### TASK REQUIREMENTS
Only these lines are needed: the first line of the entries below through the line with "Example of Mangave", each returned exactly.
○ ○ ○ ○ ○
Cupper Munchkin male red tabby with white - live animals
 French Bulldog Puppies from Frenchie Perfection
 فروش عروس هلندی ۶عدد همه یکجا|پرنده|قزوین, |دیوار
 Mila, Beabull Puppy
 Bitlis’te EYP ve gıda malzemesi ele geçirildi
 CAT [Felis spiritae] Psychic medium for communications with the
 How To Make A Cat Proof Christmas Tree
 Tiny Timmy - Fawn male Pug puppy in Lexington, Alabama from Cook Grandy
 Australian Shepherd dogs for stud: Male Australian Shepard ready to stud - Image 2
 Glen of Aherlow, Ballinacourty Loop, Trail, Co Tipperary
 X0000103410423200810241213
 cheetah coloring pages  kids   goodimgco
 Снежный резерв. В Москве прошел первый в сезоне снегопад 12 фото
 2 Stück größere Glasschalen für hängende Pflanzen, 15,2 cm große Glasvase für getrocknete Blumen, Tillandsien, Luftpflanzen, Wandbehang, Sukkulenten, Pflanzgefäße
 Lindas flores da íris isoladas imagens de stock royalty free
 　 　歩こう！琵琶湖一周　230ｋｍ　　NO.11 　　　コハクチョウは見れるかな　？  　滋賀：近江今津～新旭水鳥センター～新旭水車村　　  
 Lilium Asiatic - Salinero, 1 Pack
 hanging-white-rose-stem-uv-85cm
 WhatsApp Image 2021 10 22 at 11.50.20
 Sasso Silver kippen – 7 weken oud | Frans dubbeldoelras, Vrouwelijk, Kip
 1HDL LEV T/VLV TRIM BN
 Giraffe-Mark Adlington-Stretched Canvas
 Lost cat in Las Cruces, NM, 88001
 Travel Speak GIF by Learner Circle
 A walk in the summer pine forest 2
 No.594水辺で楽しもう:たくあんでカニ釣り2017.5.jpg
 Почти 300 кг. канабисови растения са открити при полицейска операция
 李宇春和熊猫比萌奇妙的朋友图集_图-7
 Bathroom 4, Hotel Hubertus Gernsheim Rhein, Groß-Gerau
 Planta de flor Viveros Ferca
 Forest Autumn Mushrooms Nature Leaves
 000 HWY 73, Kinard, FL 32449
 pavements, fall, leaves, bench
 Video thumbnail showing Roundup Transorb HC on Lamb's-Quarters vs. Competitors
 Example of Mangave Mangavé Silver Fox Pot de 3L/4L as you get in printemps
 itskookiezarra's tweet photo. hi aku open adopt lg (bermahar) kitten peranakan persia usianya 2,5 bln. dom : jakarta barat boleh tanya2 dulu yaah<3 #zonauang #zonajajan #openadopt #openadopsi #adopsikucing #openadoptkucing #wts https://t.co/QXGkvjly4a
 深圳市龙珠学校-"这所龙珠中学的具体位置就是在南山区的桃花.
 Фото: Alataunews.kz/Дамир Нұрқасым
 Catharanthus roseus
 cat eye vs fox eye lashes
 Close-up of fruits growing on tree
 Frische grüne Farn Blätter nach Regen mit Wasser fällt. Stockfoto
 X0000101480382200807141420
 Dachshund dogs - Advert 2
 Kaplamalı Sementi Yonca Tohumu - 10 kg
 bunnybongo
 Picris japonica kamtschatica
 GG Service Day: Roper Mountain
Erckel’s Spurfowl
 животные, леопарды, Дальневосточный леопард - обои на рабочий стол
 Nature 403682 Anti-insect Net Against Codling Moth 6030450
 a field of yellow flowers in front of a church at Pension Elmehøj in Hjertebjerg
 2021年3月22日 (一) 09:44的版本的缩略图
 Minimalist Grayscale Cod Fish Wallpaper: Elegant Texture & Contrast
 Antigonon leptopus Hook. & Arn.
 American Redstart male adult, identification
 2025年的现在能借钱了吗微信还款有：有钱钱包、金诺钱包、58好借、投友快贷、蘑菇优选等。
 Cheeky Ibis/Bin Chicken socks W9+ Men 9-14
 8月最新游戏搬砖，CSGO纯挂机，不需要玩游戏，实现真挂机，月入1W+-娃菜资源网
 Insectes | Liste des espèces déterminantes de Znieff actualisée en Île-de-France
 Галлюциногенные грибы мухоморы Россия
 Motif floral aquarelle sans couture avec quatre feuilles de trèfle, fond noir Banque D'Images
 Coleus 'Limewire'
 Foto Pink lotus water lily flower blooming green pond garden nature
○ ○ ○ ○ ○
### TASK ANSWER
Cupper Munchkin male red tabby with white - live animals
 French Bulldog Puppies from Frenchie Perfection
 فروش عروس هلندی ۶عدد همه یکجا|پرنده|قزوین, |دیوار
 Mila, Beabull Puppy
 Bitlis’te EYP ve gıda malzemesi ele geçirildi
 CAT [Felis spiritae] Psychic medium for communications with the
 How To Make A Cat Proof Christmas Tree
 Tiny Timmy - Fawn male Pug puppy in Lexington, Alabama from Cook Grandy
 Australian Shepherd dogs for stud: Male Australian Shepard ready to stud - Image 2
 Glen of Aherlow, Ballinacourty Loop, Trail, Co Tipperary
 X0000103410423200810241213
 cheetah coloring pages  kids   goodimgco
 Снежный резерв. В Москве прошел первый в сезоне снегопад 12 фото
 2 Stück größere Glasschalen für hängende Pflanzen, 15,2 cm große Glasvase für getrocknete Blumen, Tillandsien, Luftpflanzen, Wandbehang, Sukkulenten, Pflanzgefäße
 Lindas flores da íris isoladas imagens de stock royalty free
 　 　歩こう！琵琶湖一周　230ｋｍ　　NO.11 　　　コハクチョウは見れるかな　？  　滋賀：近江今津～新旭水鳥センター～新旭水車村　　  
 Lilium Asiatic - Salinero, 1 Pack
 hanging-white-rose-stem-uv-85cm
 WhatsApp Image 2021 10 22 at 11.50.20
 Sasso Silver kippen – 7 weken oud | Frans dubbeldoelras, Vrouwelijk, Kip
 1HDL LEV T/VLV TRIM BN
 Giraffe-Mark Adlington-Stretched Canvas
 Lost cat in Las Cruces, NM, 88001
 Travel Speak GIF by Learner Circle
 A walk in the summer pine forest 2
 No.594水辺で楽しもう:たくあんでカニ釣り2017.5.jpg
 Почти 300 кг. канабисови растения са открити при полицейска операция
 李宇春和熊猫比萌奇妙的朋友图集_图-7
 Bathroom 4, Hotel Hubertus Gernsheim Rhein, Groß-Gerau
 Planta de flor Viveros Ferca
 Forest Autumn Mushrooms Nature Leaves
 000 HWY 73, Kinard, FL 32449
 pavements, fall, leaves, bench
 Video thumbnail showing Roundup Transorb HC on Lamb's-Quarters vs. Competitors
 Example of Mangave Mangavé Silver Fox Pot de 3L/4L as you get in printemps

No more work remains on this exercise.